“Love is the ability and willingness to allow those that you care for to be what they choose for themselves without insistence that they satisfy you.” – Wayne Dyer
When my first son, Dustin, was born and I held him in my arms for the first time my entire being was flooded with love toward him. I was filled with a joy that enveloped me and brought tears to my eyes. At that moment I felt a deep and natural love toward him that did not care what he would grow up to be, it didn’t care what his grades would be, it didn’t care if he would be the best player on the field, it just was. This was a life I helped create and I loved him in a way I did not know existed until that moment.
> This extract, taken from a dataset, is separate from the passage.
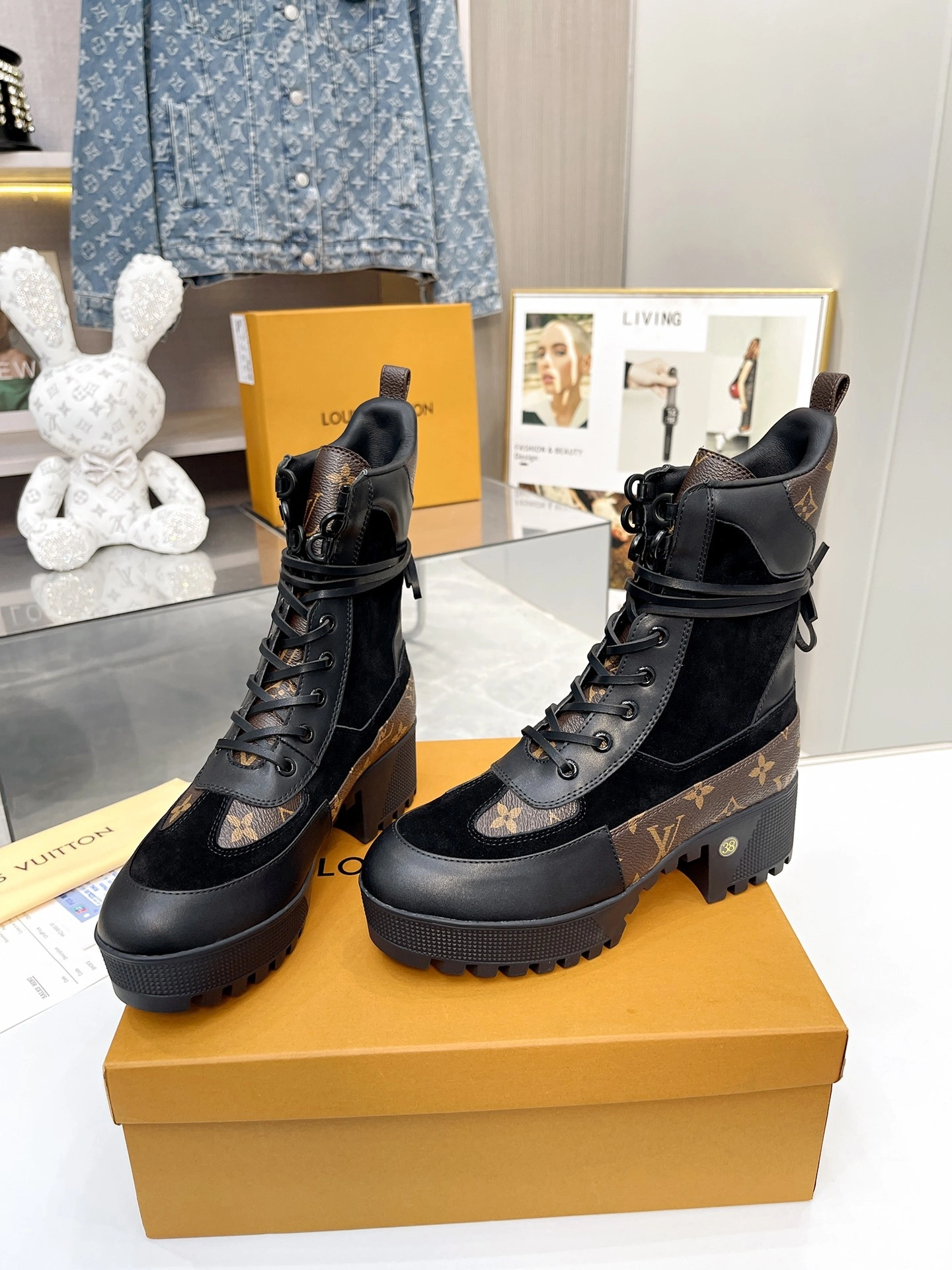 &COCO-- 8V 1A4XY1 cowhide item:D-X555L1903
I grew up believing in God. I have a personal relationship with his son, Jesus Christ. At times, before and even after Dustin’s birth, I questioned if unconditional love was something that even existed. I’ve seen the horrors that man inflicts upon his fellow man and felt the burn and sting of jealousy, back stabbing, resentment, and anger. So how could God love us all unconditionally with all the ugliness we perpetuate upon each other?
As I searched for photos for this website, I came across some that were taken this year during a trip to Pikes Peak. Dustin and I had a great time together, and I have some really good shots of the two of us together. I was flooded with those same feelings of love I had the day he was born. If I can feel this kind of love toward my child, then it only makes sense that the source that created me should feel, at minimum, the same way about ME. I mess up. I get angry. I say and do things I shouldn’t, but as long as I repent and work toward being a better person, why wouldn’t God forget all that past crap? Just as I do with my children, because I am a child of God. So His love must not be personal, it just is always and forever present.
With that knowledge, I can also love myself unconditionally. I can forgive my past transgressions. Loving and forgiving others is a lot easier when you first learn to do it with yourself.